French accents normalization

edev
Posts: 127
Joined: Wed Sep 14, 2005 5:10 pm

French accents normalization

Post by edev »

Hi,

we have some French records in the database and I've noticed that when user does a search containing a French word, with accent or not, it retrieves exactly the same word. For example, entering "Montreal" will only return "montreal", but not "montéal"; and entering "montéal" will only return "montréal", not "montreal". We used to have AltaVista search engine and it was able to normalize the French accents, returning both "montreal" and "montréal" regardless what users enter.

We have to index words with accents, so removing accents in the database is not an option. Is there anyway to make the "search" script search for both letters, when users enters é,à,ê in a French word? Can you do a replace in a query string, ie ask the search function to search for both the phrase with the accented character and without, then combine the results?

I'd appreciate any help tips. Thank you.
User avatar
Kai
Site Admin
Posts: 1272
Joined: Tue Apr 25, 2000 1:27 pm

French accents normalization

Post by Kai »

Which version of Webinator are you using? What are the values for Storage Charset and Display Charset (if applicable)?
edev
Posts: 127
Joined: Wed Sep 14, 2005 5:10 pm

French accents normalization

Post by edev »

I have commercial Webinator 5.1.24, Storage Char set is by default (ISO-8859-1) and display character set is UTF-8. The search engine is hosted on Windows 2000 server.
User avatar
Kai
Site Admin
Posts: 1272
Joined: Tue Apr 25, 2000 1:27 pm

French accents normalization

Post by Kai »

With Storage Charset set to ISO-8859-1, you could change the locale to one that maps all variants of `e' (upper/lower/accent/etc.) to `e' (lower-case) when generating the lower-case equivalent. Then either spelling of `Montreal' as a query would find either spelling in the text, as queries and text are both lower-cased for searching. The locale can be set in the dowalk and search scripts with:

<sql "set locale='xxx'"></sql>

The problem is that no standard locale (English/Spanish/French) would remove accents when lower-casing letters; you'd have to create your own, which I don't have information on.

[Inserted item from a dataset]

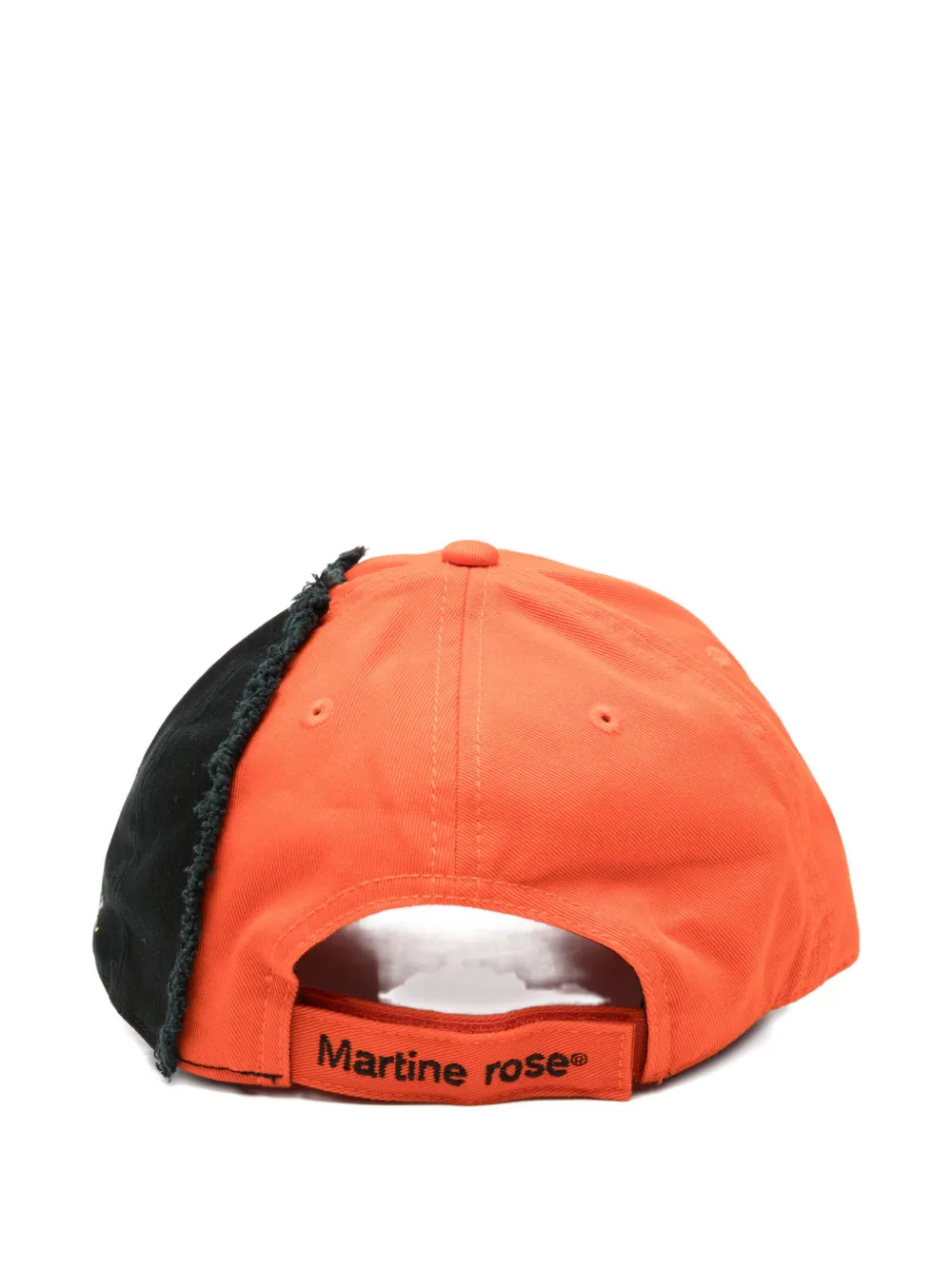 Martine Rose Two-tone Frayed-edge Cap In Multi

The other possibility, which would not solve the issue universally but on a word-by-word basis, would be to create a user equivalence file for the variant spellings of `Montreal', and then use that in the search script. See http://thunderstone.master.com/texis/ma ... +file&s=.1
for how to create an equiv file (you may need to copy the monitor.exe program to backref.exe to create it). Then tell the search script to use it by adding this to the end of the <a name=getapisettings> function:

<apicp ueqprefix "c:\path\to\your\equivfile">
edev
Posts: 127
Joined: Wed Sep 14, 2005 5:10 pm

French accents normalization

Post by edev »

Hi Kai, I'll try the second suggestion and hopefully it will work. Thanks very much!
edev
Posts: 127
Joined: Wed Sep 14, 2005 5:10 pm

French accents normalization

Post by edev »

Hi again,

I read the help files for "Customizing Thesaurus", with many references to creating your own equivfile. I thought you have to have full Texis to make changes to the thesaurse. We have commercial Webinator, not the full version of Texis, would we still be able to create our own equivfile?

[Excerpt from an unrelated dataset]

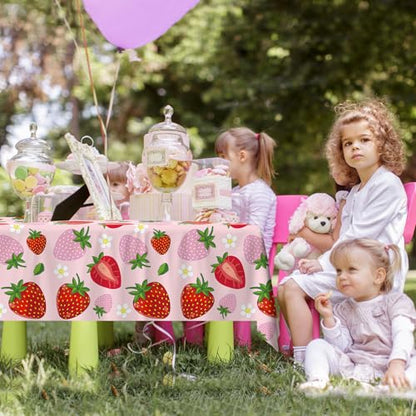 4 Pack Strawberry Tablecloth Strawberry Table Cloth Berry Party Table Cover Sweet One Birthday Party Tablecloth Berry Themed Decor 51 x 86 Inch Fruit Themed Indoor Outdoor Decorations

I found monitor.exe, to reindex my new equivfile, I will need to rename it to "backref.exe" and run it?

One crucial question, there are so many French words with accents, creating a table with all words is very lengthy and inefficient. Is there anyway I can loop through the query strings user has entered, extract the particular accented character (ie. é,à), and replace the character with a normal English character, then do a search for both the original string and the new string
with a sql statement such as

<$sql="from html
where <$sql="from html
where Title\Description\Keywords\Meta\Body " $liketype " $$sq or $$sq_new
and Title like $$stq
and Url matches $$suq
and Depth <= $$sdq
and Catno matches $$scq
">

would that work?

Thanks in advance.
User avatar
Kai
Site Admin
Posts: 1272
Joined: Tue Apr 25, 2000 1:27 pm

French accents normalization

Post by Kai »

You can create custom equivs with Webinator. Do not rename monitor.exe to backref.exe: make sure to copy it instead, as monitor.exe is still needed for Webinator.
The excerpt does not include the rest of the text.